Paper EM+SS+TF-ThA9
On-chip [¹⁸F]fluoride Concentration for Microfluidic PET Tracer Synthesis

Thursday, November 10, 2016, 5:00 pm, Room 102A

Positron emission tomography (PET) is a valuable medical imaging method that relies on radioactive tracers that target specific sites in the body. Development of these tracers is currently hindered by the enormous infrastructure requirements to perform the necessary radioisotope production and subsequent reactions. To overcome this hurdle and facilitate PET tracer development, we are designing simple, modular microfluidic systems that support on-chip radiosynthesis reactions with small volumes of reagents. In this work, [¹⁸F]fluoride (a positron emitter widely used in PET imaging due to its convenient half-life of 110 minutes) is concentrated with a miniaturized anion exchange column located in a microfluidic device fabricated in polydimethylsiloxane (PDMS). By employing a microfluidic device, we aim to achieve more controlled diffusion and reactive kinetics. Instead of relying on complicated flow control elements (e.g. valves), in this microfluidic system, a channel containing pillars with a spacing less than the average diameter of the anion exchange beads is used to trap relatively monodispersed, rigid polystyrene/divinyl benzene beads. We characterized the ability of this miniaturized on-chip exchange column to capture and release quantities of [¹⁸F]fluoride appropriate for human imaging (a typical dose is 10 mCi).

Our device is composed of a main chamber with larger microchannels (9 mm long) connected to an inlet and outlet. A laser writer (Heidelberg µPG 101) was used to create patterns on a silicon wafer using a 60 µm thick layerof mr-DWL resist; this template was subsequently used to pattern a microfluidic structure in PDMS. The desired quantity (2.9 mL) of anion exchange beads was trapped by a double row of square pillars near the outlet of the chamber, and the beads subsequently activated with 1.0 M of KHCO₃. Diluted [¹⁸F]fluoride (100 mCi/mL) sourced from a nearby cyclotron was introduced into the system using a syringe pump, flowing at 0.05 mL/min for 10 minutes.

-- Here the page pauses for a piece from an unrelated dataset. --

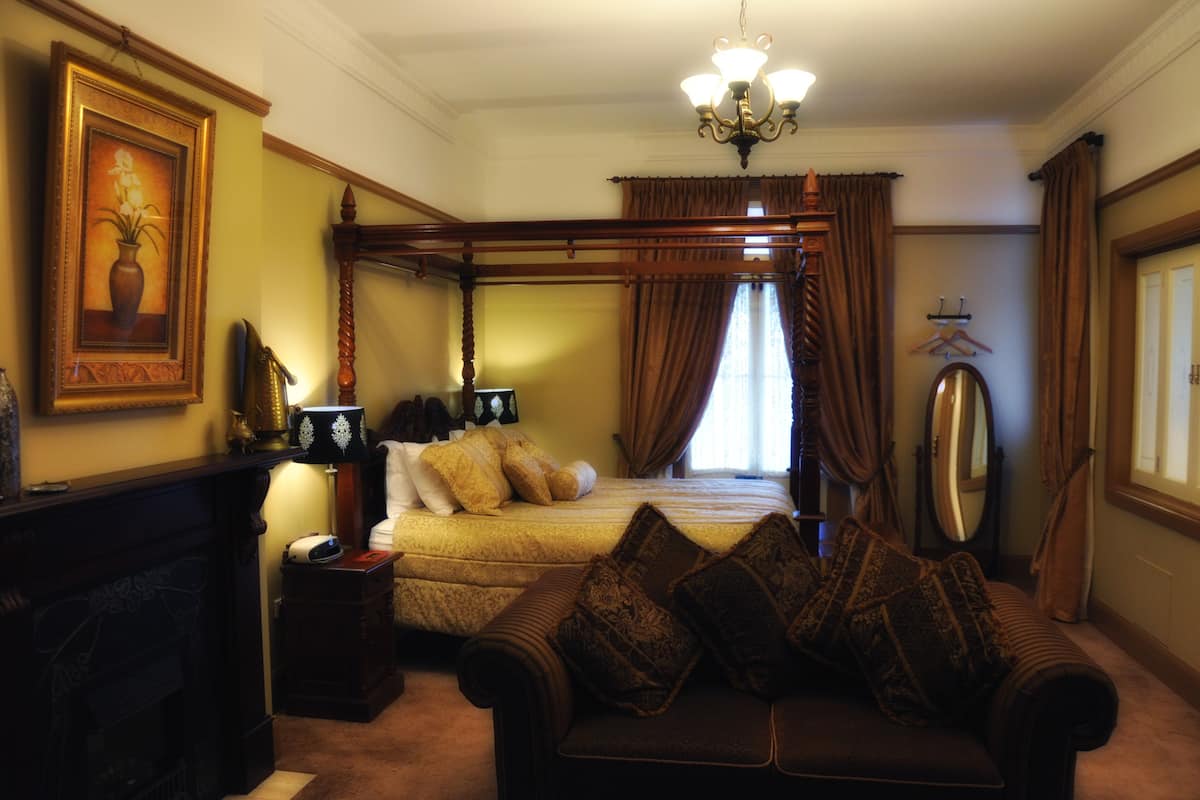 Suite, 1 kingsize bed, bubbelbad, uitzicht op rivier | Lakens van Egyptisch katoen, luxe beddengoed, donzen dekbedden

By quantifying the radioactivity of the [¹⁸F]fluoride introduced, the radioactivity of the chip, and the radioactivity of the outflow, we could determine trapping and release efficiency. We observed near complete capture of [¹⁸F]fluoride (50 mCi)on our chips in a relatively short time. Moreover, elution with a small volume (less than 200 mL) of Kryptofix (K₂₂₂)/K₂CO₃ was able to release nearly all the [¹⁸F]fluoride (49 mCi). Thus, this device is capable of simply and efficiently trapping [¹⁸F]fluoride and controllably releasing the concentrated radiolabel in small volumes for downstream reaction with desired molecules.